Sinking Shyp & UberRUSH

By David Upton | 7th April 2018

Last weekend Uber decided to close the doors on its sameday courier venture UberRUSH. At the same time, Shyp announced that they will be closing down operations in a few weeks’ time. These are two large VC backed Silicon Valley upstarts – so what went wrong?

Uber is the ring leader here. What people sometimes forget is that Uber didn’t create a demand for ‘on demand cars.’ The demand was already there. People had been using taxis for decades before they arrived on the scene.

They packaged their offering up into a brilliant app and people migrated from traditional car services to Uber overnight. The important thing to note is that they didn’t create the market. They just took business from existing companies by the clever use of technology.

What Uber then did was notice the obvious similarity between on-demand cars and on-demand couriers and created UberRUSH. This was then marketed to the same convenience hungry consumer audience.

Great in theory, apart from one problem: the market for consumer driven on-demand courier is currently so tiny that it barely qualifies as a market.

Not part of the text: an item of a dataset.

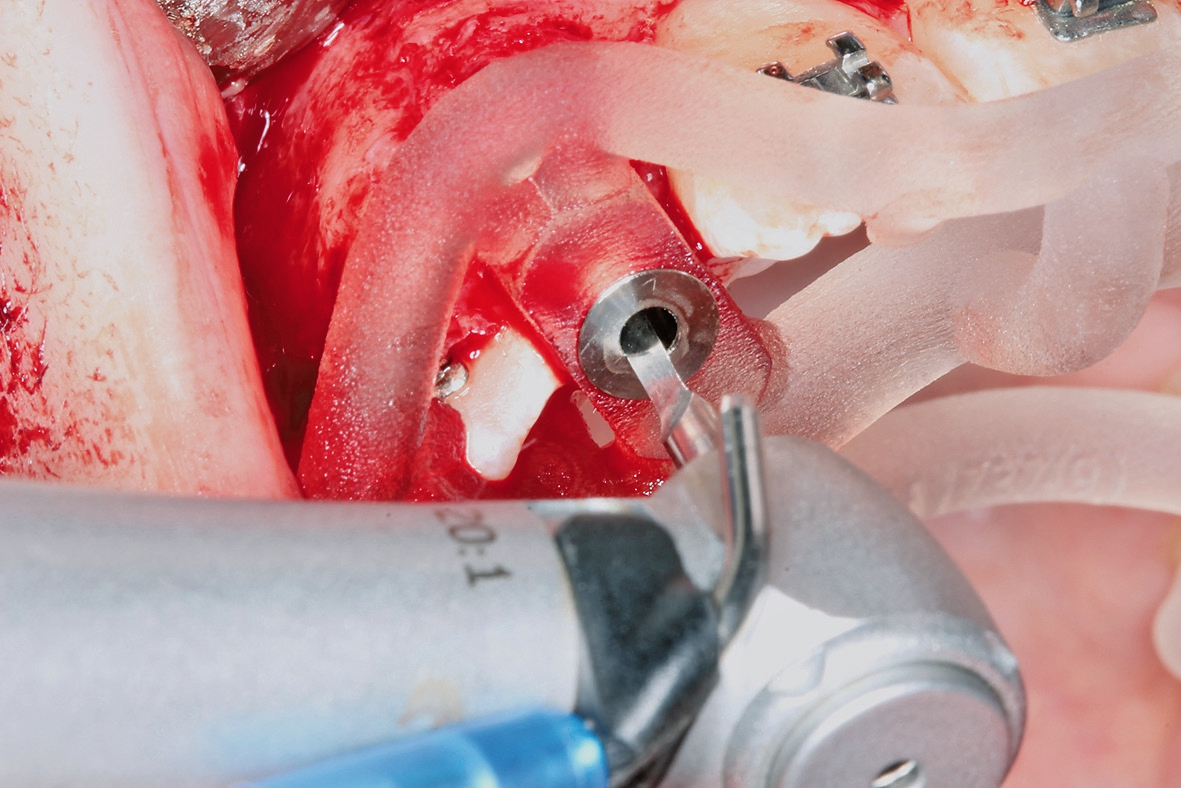 Abb. 10: Insertion der Implantate mit Hilfe einer Schablone in regio 12 und 22.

Sameday courier has existed for decades but its premium nature means it is out of reach for the consumer and has been almost exclusively a B2B offering.

So that’s it!

Uber took a great app and concept from an established market and tried to create a whole new market with it. The notoriously super hungry high growth nature of their VC backers meant that while there was obvious interest in the concept from consumers. However the market was not growing quick enough to be of any real interest to Uber investors.

Shyp then followed suit with the same (and other!) problems.

Sameday courier has a frequently underestimated complexity that extends beyond the simple delivery.